One of the biggest factors in the historic slow recovery after 2008 has been Government intervention in the banking industry which has restricted economic growth dramatically after the recession.  Some of the new regulations curtailing certain risky bank activity and many conflicts of interest were needed to ensure the safety of our financial system.  However, many of the government directives given to banks after the crisis went way too far and were detrimental to the economic recovery.  Banks were told by the Government to go out and revalue properties that they held as collateral on many business loans.  When they were forced to do this it resulted in many businesses that had not missed a payment on their loans being forced to put more capital into the bank which otherwise would have been injected into the economy as they used that capital to buy new property or start a new project.  The key now is to see small and mid-size businesses get enough confidence to go out and get a loan to grow their businesses.  Loan demand has quietly improved nicely over the past year and should help bank earnings in the next few quarters.

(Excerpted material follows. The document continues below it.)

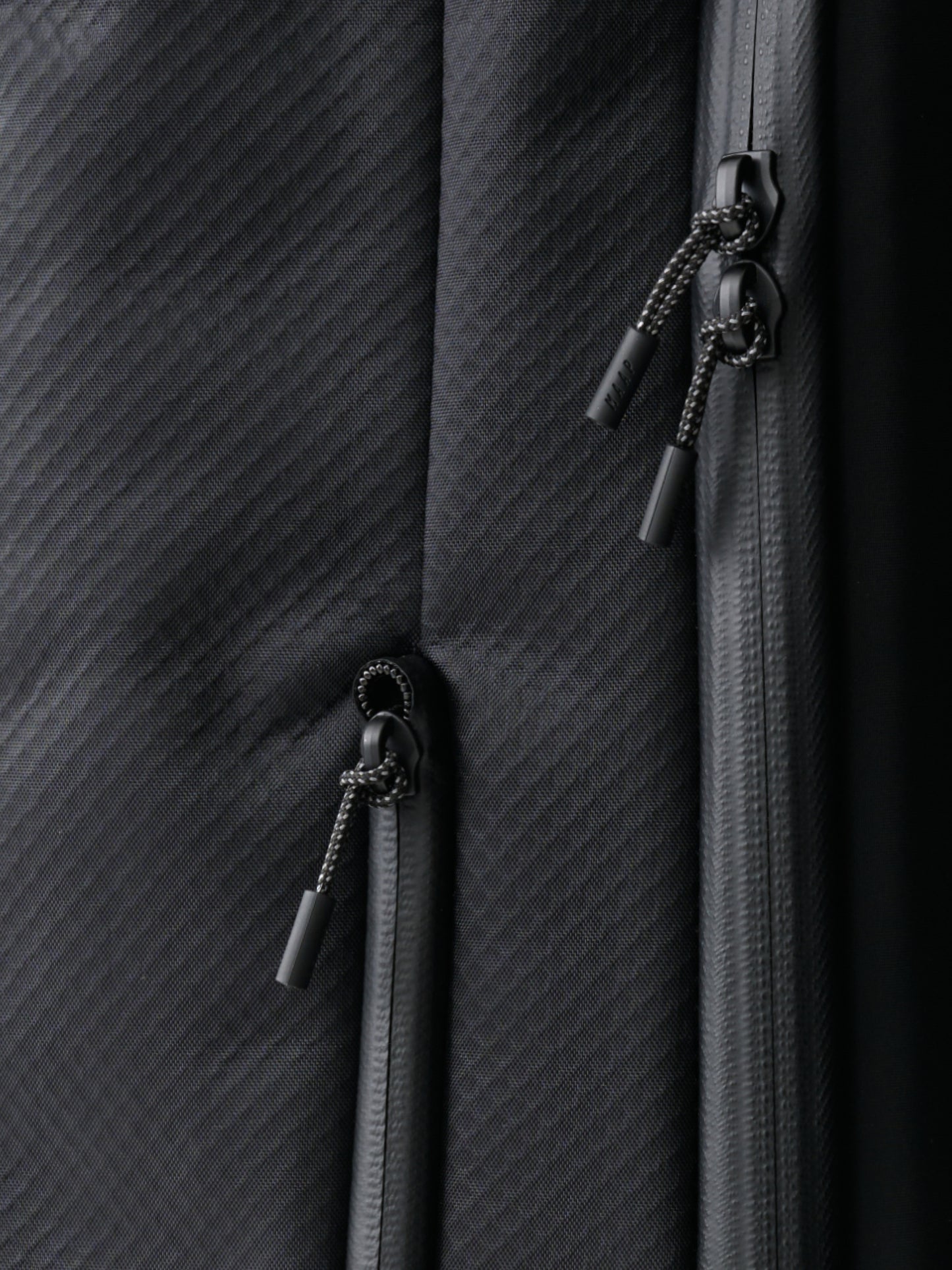 maap&côte&ciel Saru Backpack Black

Many investors are nervous that U.S. banks’ exposure to oil companies could cause problems if oil prices stay low and energy companies, suffering from markedly lower revenue, are unable to repay their loans. I find these worries valid but overstated: Energy-company loans represent approximately 2% – 5% of total bank lending, and that debt is senior secured (high in the capital structure) and well collateralized. In all likelihood, concerns about exposure to energy have contributed to the drop in bank share prices versus the broader U.S. stock market.

Bank valuations have reached the point of being unjustifiably low.  Year-to-date performance has left banks trading at a price-to-book multiple roughly 35% of the broader market.

Bank of America just reported that loans were up across the board, rising $28.4 billion to $901.1 billion.   Total average deposits were up $64.1 billion to $1.2 trillion in Q1 2016.  Most of the negative sentiment for banks thus far in 2016 has been tied to their energy exposure and the loan losses that would arise from the drop in oil prices.   Like most of the “noise” this has been completely overblow relative to the banks actual exposure.   BAC has doubled their loan loss reserves to $1 billion for “possible” soured energy loans.   Which in our opinion is more than adequate and probably too conservative. The latest quarterly report from Bank of America shows that the fear of large losses due to energy loans has been blown out of proportion.  Bank of America reported that total nonperforming loans decreased to $9.23 billion down from almost $12.1 billion in Q1 2015 and down almost $600 million from Q4 2015.

European banks also have to navigate a confusing mix of accounting rules and banking laws from various countries. Regulations are becoming more homogeneous, but they are still relatively new and untested. Rules on how creditors are treated during times of banking stress are murkier than in the U.S., for example, potentially reducing European banks’ access to financing. The U.S. and Europe also have had different approaches to non-performing loans (NPLs). In the U.S., banks tend to set aside reserves for NPLs earlier and more aggressively than in Europe. As a result, European banks are often saddled with more bad loans.

In Europe, the refugee crisis and the risks of a British exit from the European Union have elevated the level of political and economic uncertainty and created a tenuous environment for businesses and consumers. If bank lending falters on weakening confidence, the fragile recovery in Europe could grind to a halt. And, in the unlikely event that banks respond to negative yields by raising fees and lending rates, credit growth in the region could decline, further inhibiting growth.